Even long before serverless was born, message queues had been a popular weapon in the arsenal of software developers and architects to integrate software systems. First, when there were large software systems which were incompatible with each other, message queues acted as the intermediary communication channels between them. Then the world moved into distributed systems and message queues became more and more popular as an integration medium due to some of their inherent capabilities such as message broadcasting, guaranteed delivery, in-order delivery and so on. Now, in an era where almost all the software systems are moving into serverless landscape, where do the serverless message queues fit-in?
Serverless Message Queues
Not surprisingly, they are EVERYWHERE! Why? Because naturally a complete serverless system is a combination of several smaller moving parts that processes messages and integrate with other resources. And these parts are required to pass messages and events between them. For example, such a system may contain multiple AWS Lambdas, Google Cloud Functions, Microsoft Azure Functions or any combination of them. Each one of these smaller execution parts operates with its own latency, own throughput and even scales up and down by its own. So when you have to move messages between such volatile subparts, one of the best and easiest approach is the use of message queues.
All the serverless service providers such as AWS, Azure and GCP provide several queuing solutions to choose from. Therefore the next problem will be which is the best and optimal queue service for your application. So the only approach to select the correct service would be to analyse the requirements of your application and choose a solution that meets them. Therefore this article discusses some of the main aspects of serverless queuing services that should be taken into consideration when choosing the optimal service.
Things to consider when selecting a Queuing Solution
Maximum Message Size
Maximum Message Size is the maximum size of the payload a single message on a queue can hold. Most of the serverless queues such as AWS SQS, AWS SNS, Azure Queues allow only up to several hundred kilobytes per message. But some of them such as AWS Kinesis allow up to a couple of megabytes as well. Generally, serverless systems deal with smaller sized messages that can be processed within a limited time period. Therefore this size limitations would not be an issue in most use cases. But if the size of messages generated by the source system exceeds approximately 1MB, it is important to select a queue that is capable of accepting such messages.
Maximum Throughput is the maximum number of message related operations that can be handled by a queue per second. Although some of the queuing solutions such as AWS SQS (standard queues) and AWS SNS do not impose any limitation on the throughput, most of the other queuing solutions do. And the definition of this limit varies from one solution to another as well. For example, an AWS SQS FIFO queue supports up to 300 message operations, i.e. the total number of read, write or delete operations per second. In contrast, an AWS Kinesis shard can support up to 1,000 put record operations per second.

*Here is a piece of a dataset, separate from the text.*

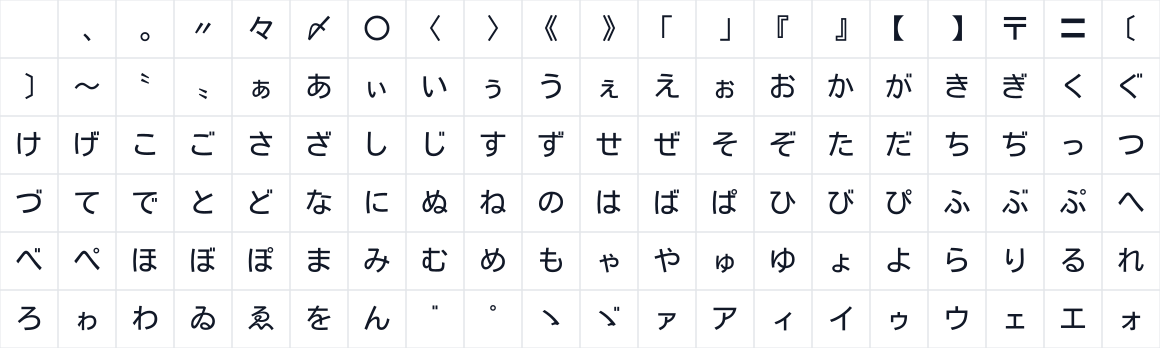 The first characters in BreezeSansJapanese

Because of these limitations, it is better to estimate the expected throughput of your application (message enqueuing rate as well as dequeuing rate) beforehand and choose a queuing solution which can cater to that throughput level.
Retention period is the maximum time duration that the queue storage will keep a message until the next processing stage consumes it. This next processing stage most probably can be a serverless function such as AWS Lambda or an Azure function. Most, if not all message queues have a defined retention period to prevent unconsumed and obsolete messages from piling up on the queue storage. Otherwise such a pile up will make it impossible for the publishers to enqueue new messages to the queue due to shortage of storage capacity. This aspect is very important especially in the serverless landscape because most serverless systems are a combination of multiple independent processing stages.

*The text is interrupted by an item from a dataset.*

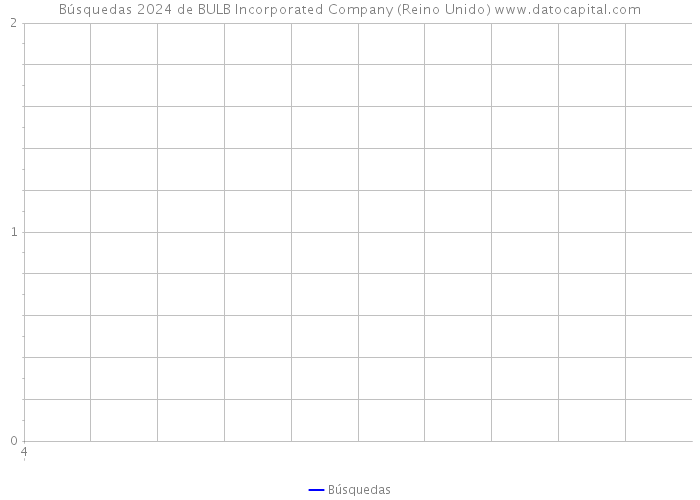 Búsquedas 2024 de BULB Incorporated Company (Reino Unido)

So if the processing stage which is responsible for retrieving messages from the queue has gone down, the queue should be able to retain the messages for a reasonable time period until that system becomes available again. On the other hand, what if your system is dealing with time-sensitive messages i.e. messages that become obsolete unless they are processed within a certain time period? In such a case, the queue should be able to discard them or send them to a Dead-Letter-Queue without handing them over to the next processing stage.
Guaranteed Ordering means that a subscriber of a queue will receive the messages in the exact same order that the publisher had published them to the queue. Some applications require this capability when it is important to preserve the message order between each processing stage. Although some queuing solutions such as AWS SQS Standard Queues and Azure Queue Storage do not guarantee this behaviour, there are many solutions such as AWS SQS FIFO Queues and AWS SNS that do provide this guarantee.
Most of the serverless queuing solutions fall into one of the two categories based on the message delivery method. When there are multiple subscribers for a queue, some queuing solutions such as AWS SQS deliver a particular message to only one of those subscribers. In contrast, other solutions such as AQS SNS deliver a copy of the same message to each and every subscriber aka broadcasting. Therefore based on the requirement of the serverless application, it is vital to select a queue which supports the correct delivery method.
Summary of Operational Limits on Popular Serverless Queuing Services
|Service||Maximum Message Size||Maximum Throughput||Retention Period||Guaranteed Ordering||Every subscriber can receive each message|
|SQS||Standard||256KB||Unlimited||Default 4 days. Can be configured to a value between 60s and 14 days||❌||❌|
|FIFO||256KB||3,000/s||Default 4 days. Can be configured to a value between 60s and 14 days||✔||❌|
|SNS||256KB||Unlimited||Default 4 weeks. A TTL can be set up to 14 days||✔||✔|
|Kinesis||1MB||1,000/s per shard||Default 24 hours. Can be increased up to 7 days||✔||✔|
|DDB Streams||400KB||40,000/s or 10,000/s based on region||24 hours||✔||✔|
|Azure Queue Storage||64KB||2,000/s||Infinite||❌||❌|
In conclusion, we can see that all of these services provide exceptional performance and reliability guarantees for very reasonable pricing, but only the behaviour will differ. Therefore it is the developer’s responsibility to choose the correct service or service based on the requirements of the application.